It doesn't just relate to what is removed or local fauna disruption; those farms would have an impact on the local environment, affecting drainage patterns, relating to pesticides used (even in organic farming, just different types), and so on.  The impact of changing nature is not always immediately evident.  The relatively widespread loss of bee colonies is an example that has been unfolding for some time, and I'm not sure that all of the root causes of that have been identified yet.  At one point use of fungicides seemed the most likely cause, per what I've read, but something I ran across more recently indicated loss of types of natural access zones may also be related, a different level of cause.
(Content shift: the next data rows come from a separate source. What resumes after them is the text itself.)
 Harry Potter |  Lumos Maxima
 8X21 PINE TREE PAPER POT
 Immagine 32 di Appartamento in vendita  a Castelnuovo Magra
When you think about it if a weed makes a delicious tea (or tisane, if you must, but the plants are closely related genetic variants at the most distant, so it's tea) then paying whatever sorts out as a market price for that is a good value.  And drinking some of it plays a very small role in sparing natural areas from clear-cutting to grow tea plants.


This is a white tea, with an unusual look, some different colors, but then the appearance of white teas does vary.  My understanding is that it's Assamica, but I'll say more about that at the end.

The tea is nice brewed lightly, bright and fresh, a bit sweet and complex,  and relatively clean tasting.  It's in the normal range for white teas, just a little unusual.  Brewing slightly stronger will help with separating flavors.

There is a sweet fruit element, along the line of dried peach.  And it's a bit creamy, actually tasting a little like cream.  The fruitiness extends a little towards blueberry, or maybe raspberry instead.  It's not distinct enough that it comes across as those separate elements, just in that range.

There is a mild earthiness and dryness too, underlying that, and a trace of an unusual flavor, hard to isolate.  Forest floor is a more pronounced part of that, fall leaves, and a bit of mineral, and an unusual light earthy tone.  It's like the wood scent of a stump, not decaying wood as in a peat or mulch scent, but with an aged effect.

It all does work but it's different.  It helps that I've been on shou mei cakes for awhile.  They're not the same but the general range is common.

The next infusion is a little strong as well, really how a lot of people would typically brew this type of tea.  I'm using "light" and "strong" in a relative sense, related to how I prefer and prepare my own teas, so that's not so simple to communicate.  A specific measured proportion and brewing time could work as clarification but I'm not including that either (but it was prepared using a typical Gongfu proportion, a lot of tea relative to the amount of water, and brewed for about a minute and a half).

The sweetness is nice, the fruit.  It reminds me of running across a flavor like that of teaberry in a tea recently (a wild berry type, esssentially), something different, not exactly that but not far off it.  The fruit lightens up and transitions a little (now three infusions in), starting to pick up a bit of woodiness.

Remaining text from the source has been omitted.